Op-Ed

Webster: Jesus and the Mexicans: common bonds

We had a woman who, if nobody else had been, would get saved the last night of revival, but not always every year.

A couple of humble Republicans, one strutting and one dribbling, came down the aisle just in time, repented of error and knelt at the feet of the Tea Party, which was singing Just As We Are, and announced that not only had they got saved but also got called to preach, all during the start of that last verse.

The zeal of approval.

Jesus was a liberal, but the right doesn't think any the more of him for it. Jesus has a lot in common with modern Mexicans. Both are dark skinned and short, and both lived or live in a place where it is pretty easy to get your head cut off. Both Jesus and Mexicans had their country taken over a couple hundred years back by a superior military force, which means for Mexicans, not only did they lose Tucson and Hollywood Boulevard, now they can be instantly jailed for setting foot on their ancient lands.

This is all because of something they call "law."

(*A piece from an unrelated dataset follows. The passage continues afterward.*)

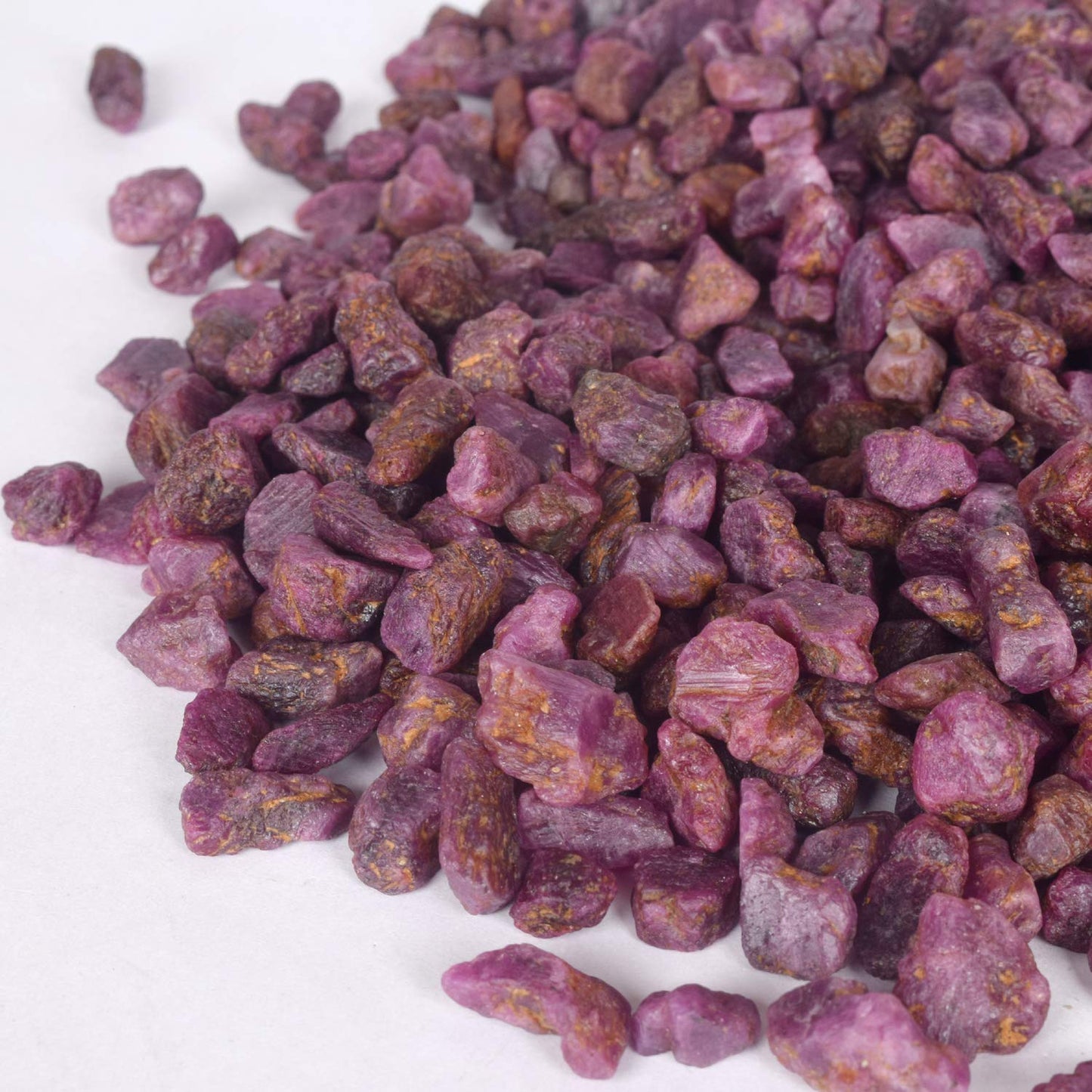GEMHUB 100 Ct Star Ruby Rough Stones Set of 10 Pcs - Raw Rocks Perfect for Tumbling, Lapidary Polishing, Reiki, Crystal Healing and Craft Gemstone Beads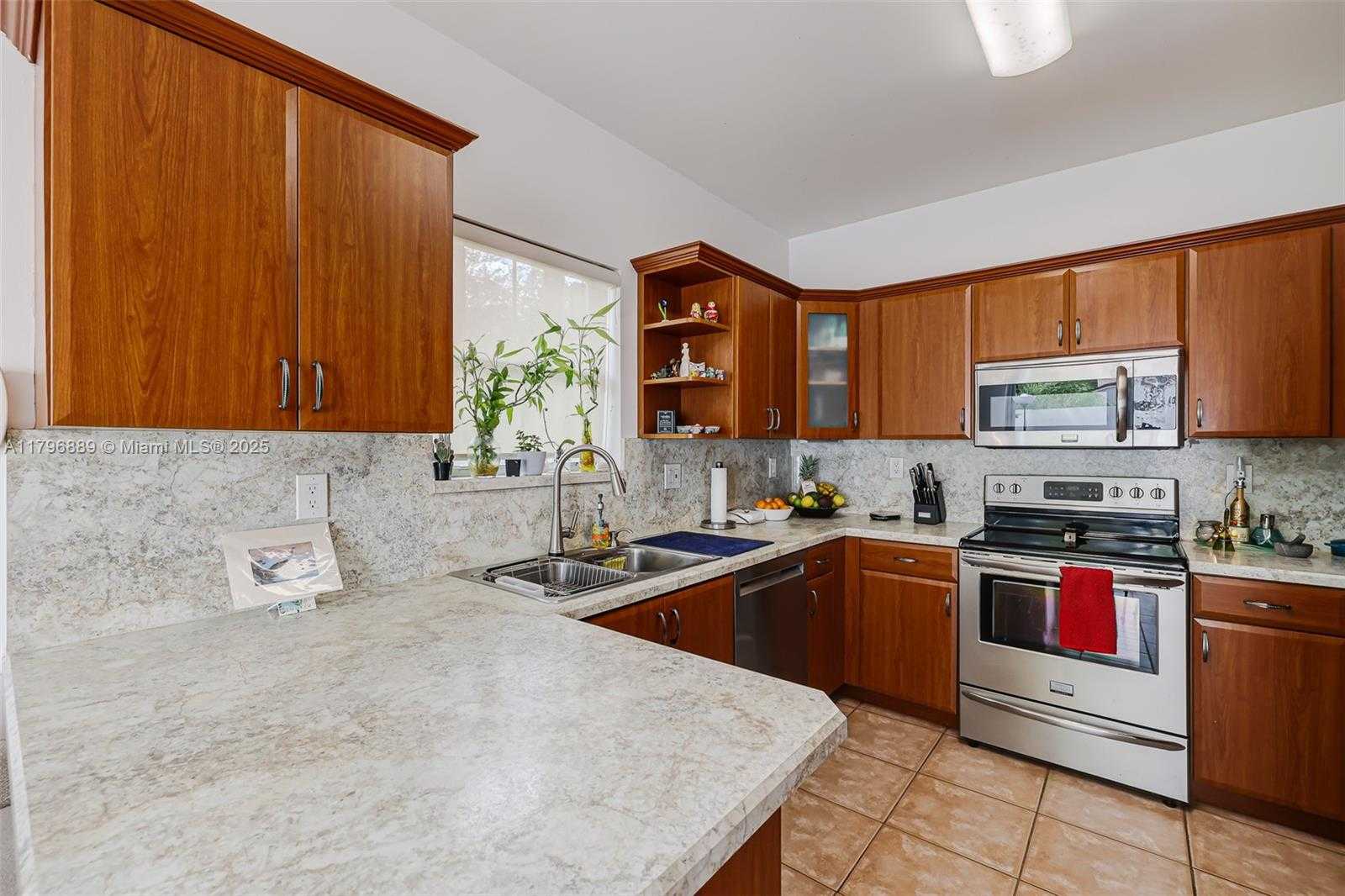 Small Image of 1110 CANELLA LN, Hollywood Number 7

Because the United States government is not doing enough to see that there is nobody to cut tobacco and wash dishes and court little chubby mountain girls and have pretty babies by them with last names that sound like shortstops, because we find offensive the idea of poor people working real hard for us at low wages to send back to their hungry children in what is left of their native lands, because of all that we need a new law, and we need it soon.

Tea Party to the rescue!

The Republican legislative agenda was passed in the Kentucky Senate after a few minutes of thoughtful debate. It guarantees the right of each Kentuckian to keep and add to their present 37 guns each, and establishes the right to hunt on your property. It establishes that any one of your neighbors has the absolute right to destroy the landscape of your community and pollute or take the water source for your land. Right up there with the right to jury trial, or habeas corpus, will be the right to strip mine.

Lord, plant our feet on lower ground.

Locking up all dark-skinned people without papers will kill farming and Chinese restaurants. Agriculture Commissioner Richie Farmer may have been too busy to notice, but there are still farms out there, and there are times when they need help and they need it cheap. And they need somebody who will work hard in the hottest weather, and either don't complain much, or if they do, you can't understand them anyway.

If Kentucky takes over immigration, the negative effect of arresting illegals will be more than offset by the positive effect of keeping all those new prisons full. As legislators see the folly of their past ways of criminal justice and maybe decide to spend some state money on something other than jails, we have to find prisoners somewhere. We don't want them sending terrorists in here to jail.

Some say the whole idea comes from prison corporations, but that would be cynical. But empty prisons are embarrassing to lawmakers who have been generously provided by the prison business, now a signature industry in Kentucky.

Prisons are soothing to a community, and people who work in prisons get a little weird and that adds color to a town.

The new bill also addresses the question of whether, if you have a kid whose middle name is Junior and he has a kid and names it after himself, is it Junior Junior or the Second?

Gov. Ernie Fletcher addressed this problem in his term but never could get consensus, leaving hundreds of mountain people with an incorrect number of sticks after their name.

Meanwhile, we can only hope and pray certain people are among those 40 politicians with secret bank accounts WikiLeaks plans to out.

In the future, politicians will go back to burying money in coffee cans, like they ought to.

Larry Webster is a Pikeville attorney.